Practical Applications
Immediate Applications
The following applications can be deployed now with reasonable integration effort, primarily for offline prediction, analytics, and perception modules where short-horizon, rigid-object motion forecasting is sufficient.
- Robot manipulation forecasting module
- Description: Use ObjectForesight as a perception add-on that predicts near-future 6-DoF object poses from onboard cameras to improve grasp timing, pre-grasp path planning, and collision avoidance.
- Sectors: robotics, manufacturing, warehousing.
- Tools/products/workflows: ROS/ROS2 node wrapping ObjectForesight; integration with MoveIt for trajectory planning; safety “trajectory cone” overlays that warn if predicted motion intersects restricted zones.
- Assumptions/dependencies: Primarily rigid objects; short-horizons (~1–2 seconds); monocular depth and camera geometry availability or good estimation; inference may be offline or batched unless DiT sampling is optimized for real-time.
- Learning priors for manipulation from human videos
- Description: Leverage the 2M+ pseudo-ground-truth 3D trajectories and object-centric SE(3) forecasts as training data or priors for robot policies (e.g., imitation learning, model-based RL).
- Sectors: robotics research, software, education.
- Tools/products/workflows: Dataset-driven pretraining pipelines; world-model modules that provide object-motion priors to downstream policies; benchmarking suites using ADE/FDE/rotation metrics.
- Assumptions/dependencies: Kitchen-centric dataset bias; priors reflect human manipulation styles; transfer requires domain adaptation to robot embodiment and task constraints.
- Predictive safety analytics in kitchens and light manufacturing
- Description: Forecast risky object motions (knives, hot containers, heavy tools) from CCTV or wearable cameras to trigger early warnings or log near-miss events.
- Sectors: industrial safety, retail food prep, facilities management.
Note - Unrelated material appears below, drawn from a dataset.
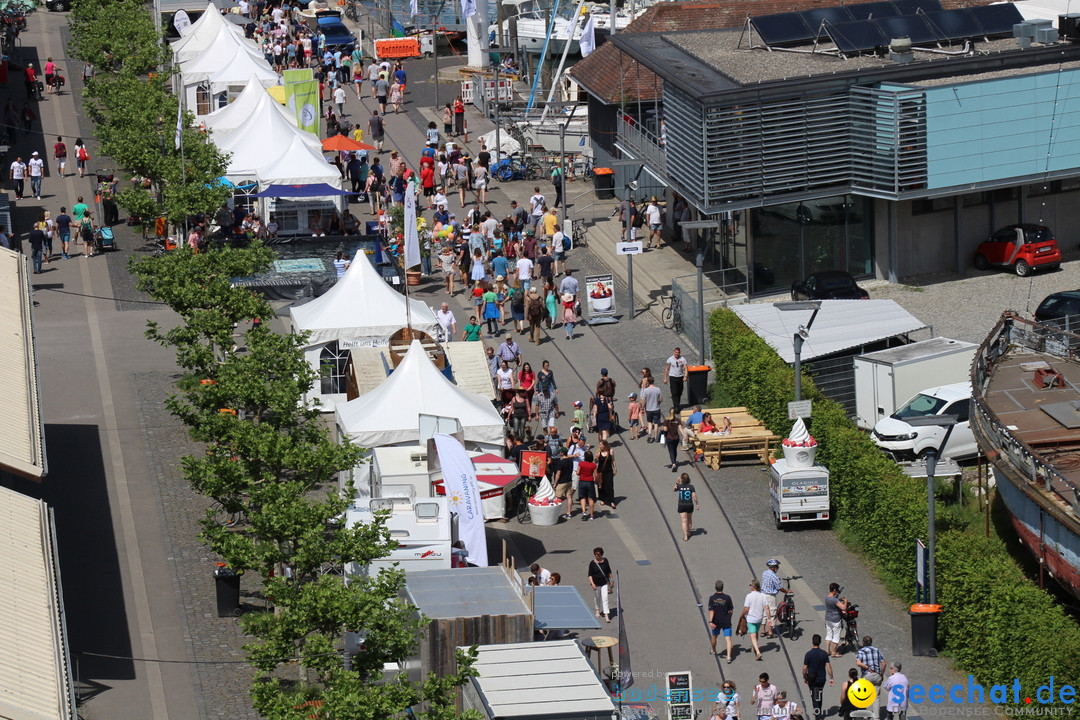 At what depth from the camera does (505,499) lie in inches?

- Tools/products/workflows: “Predictive Compliance Monitor” that flags unsafe motion trajectories; dashboards with trend analytics (error slopes, motion categories).
- Assumptions/dependencies: Adequate object visibility; reliable segmentation of hands/objects; policies for false positives and alert fatigue; privacy-compliant video use.
- AR/VR predictive overlays for task assistance
- Description: Overlay plausible object motion (e.g., lid closing, cup lifting) in AR to guide users during assembly, cooking, or training, compensating for occlusions or display latency.
- Sectors: education, consumer software, enterprise training.
- Tools/products/workflows: Mobile AR (ARKit/ARCore) plugins that render predicted 6-DoF object futures; “ghost trajectory” visual aids in training apps.
- Assumptions/dependencies: Accurate monocular depth or AR framework-provided depth; rigid-object assumption; short-horizon hints; careful UX to avoid overtrust.
- Video post-production and 3D overlay stabilization
- Description: Improve alignment and temporal stability of 3D graphics or annotations that track moving products or tools in recorded content.
- Sectors: media, e-commerce visualization, technical documentation.
- Tools/products/workflows: NLE (non-linear editor) plugins that ingest frames and output predicted SE(3) tracks to stabilize overlays.
- Assumptions/dependencies: Sufficient object visibility and scene geometry; offline processing acceptable.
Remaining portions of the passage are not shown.